China mixes financial, education and career incentives with coercive measures such as threats to families under state policies to promote intermarriage between majority Han Chinese and ethnic minority Uyghurs in the restive Xinjiang region, a new report by a Uyghur rights group has found.
The Uyghur Human Rights Project analyzed Chinese state media, policy documents, government sanctioned marriage testimonials, as well as accounts from women in the Uyghur diaspora, that government incentivizes and coercion to boost interethnic marriages has increased since 2014.
“The Chinese Party-State is actively involved in carrying out a campaign of forcefully assimilating Uyghurs into Han Chinese society by means of mixed marriages,” said the report.
The findings on forced marriage by Washington, DC-based NGO come as Western governments and the United Nations have recognized that Chinese policies in Xinjiang amount to or may amount to genocide or crimes against humanity. Forced labor, incarceration camps and other aspects of China’s rule in Xinjiang have drawn sanctions from Britain, Canada, the European Union and the United States.
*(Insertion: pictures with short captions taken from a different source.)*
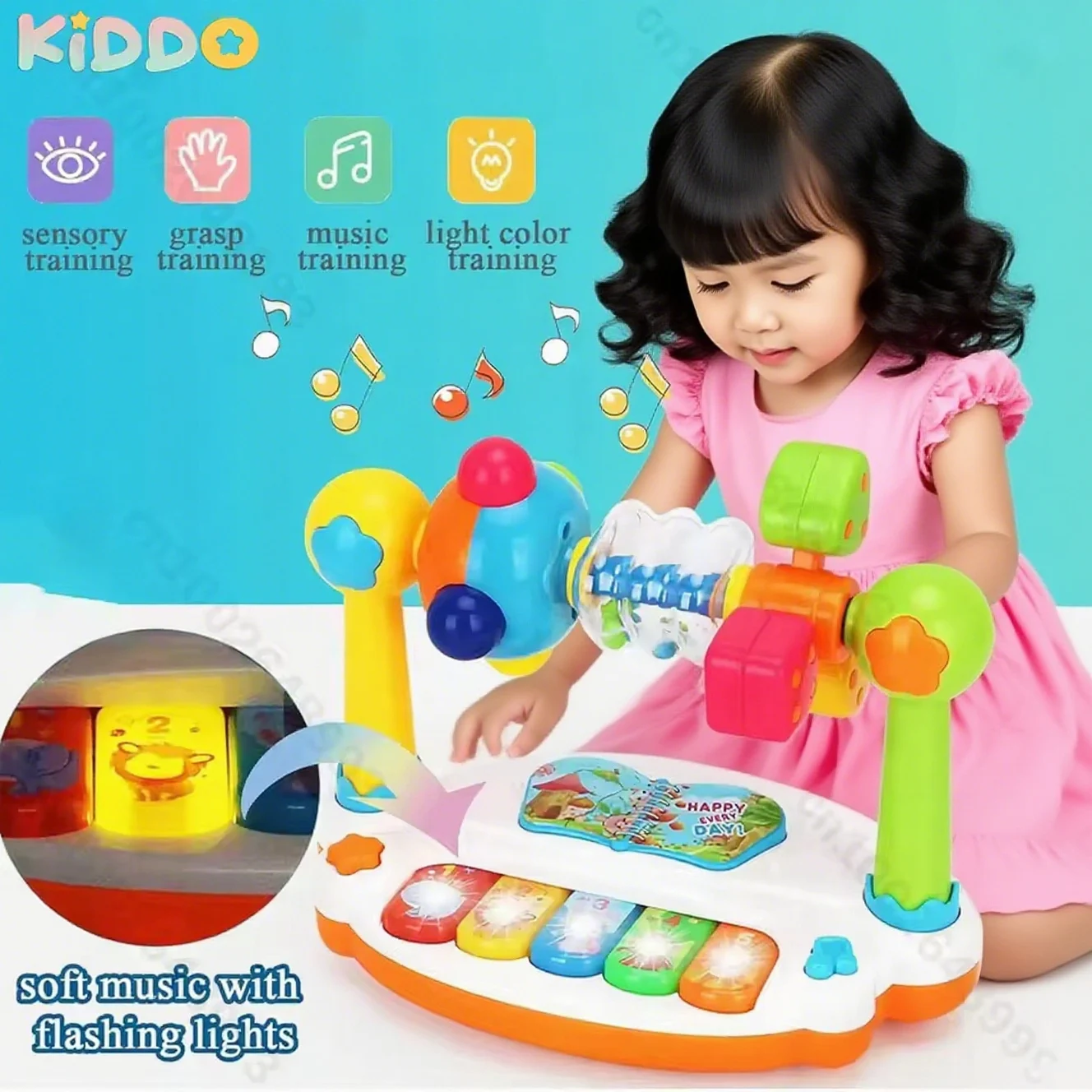 Babyspeelgoed Roterende muziekpiano met lichtgeluid 1 2 3 jaar Educatief speelgoed Dieren Klinkend toetsenbord Kinderen spelen Kerstmis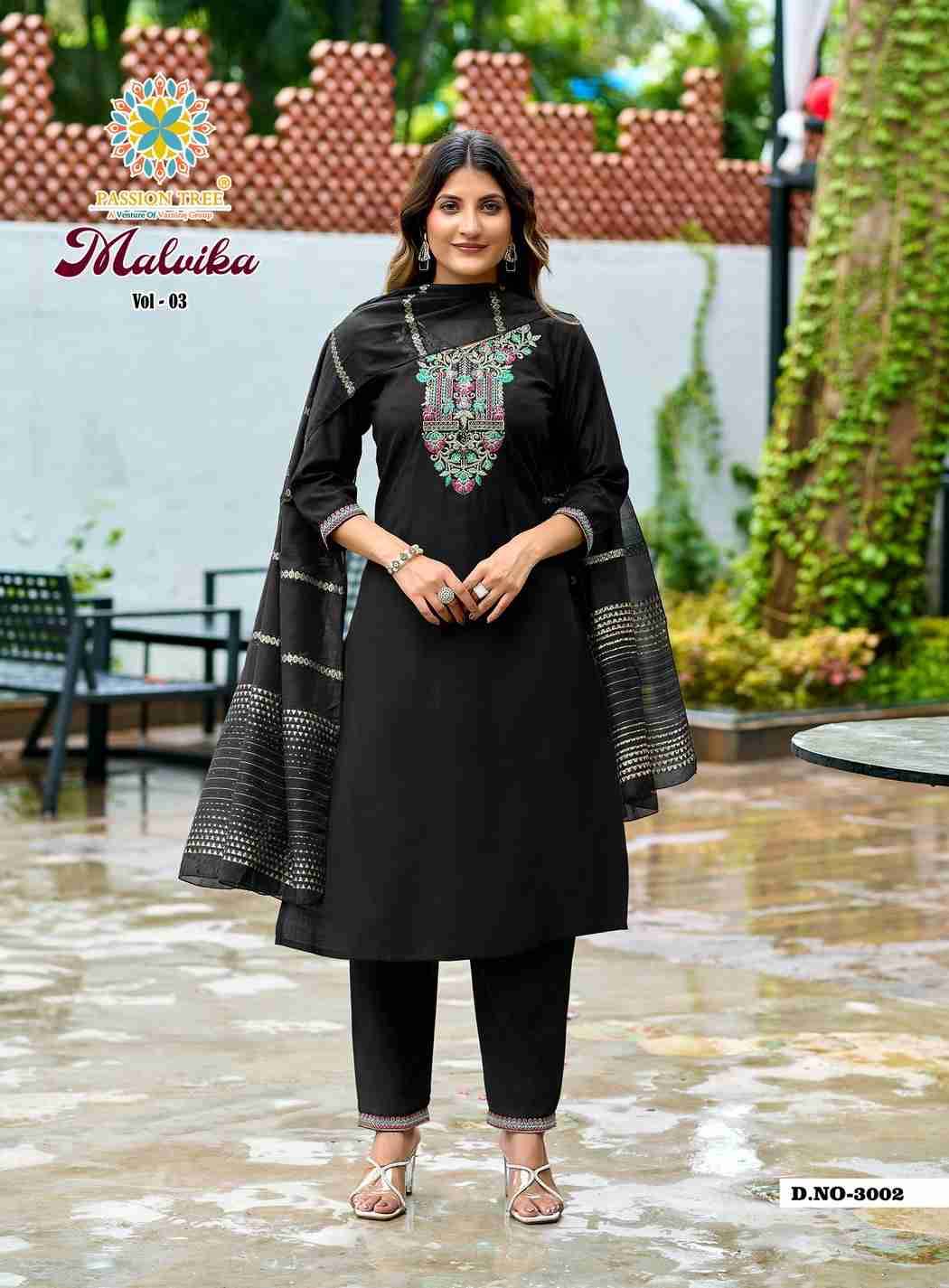 Malvika Vol-3 By Passion Tree 3001 To 3008 Series Beautiful Festive Suits Colorful Stylish Fancy Casual Wear & Ethnic Wear Vatican Dresses At Wholesale Price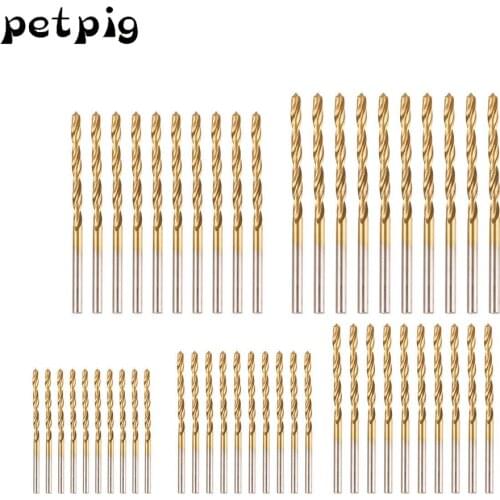 50Pcs High Speed Steel Drill Bits Set Tool Mini Drill Kit Titanium Coated Drill Bits 1/1.5/2/2.5/3mm for Electrical Drill Tools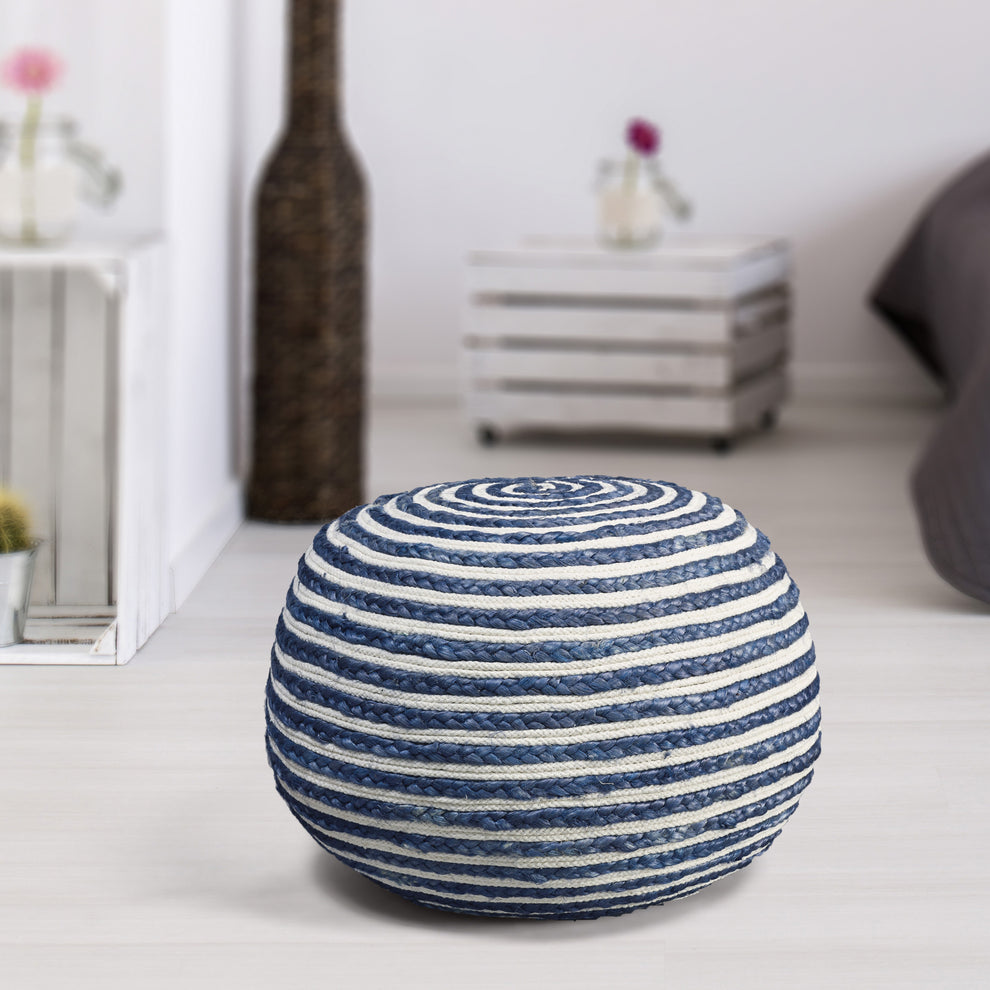 Blue Jute Ottoman By Homeroots | Ottomans | Modishstore - 5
The study, “Forced Marriage of Uyghur Women: State Policies for Interethnic Marriage in East Turkistan,” draws on state media propaganda films, state-approved online accounts of interethnic marriages and weddings, state-approved personal online testimonials from individuals in interethnic marriages, as well as government statements and policy directives.
“The Party-State has actively encouraged and incentivized ‘interethnic’ Uyghur-Han intermarriage since at least May 2014,” the Uyghur Human Rights Project says in the report, released on Nov. 16.
Interethnic marriage policies gained momentum after Chinese President Xi Jinping announced a “new era” at the Xinjiang Work Forum in 2014, touting a policy of strengthening interethnic “contact, exchange, and mingling,” the report said.
“Uyghur-Han intermarriage has been increasing over the past several years since the Chinese state has been actively promoting intermarriage,” said Nuzigum Setiwaldi a co-author of the report.
“The Chinese government always talks about how interethnic marriages promote ‘ethnic unity’ and ‘social stability,’ but these actually are euphemisms for assimilation,” she told RFA Uyghur.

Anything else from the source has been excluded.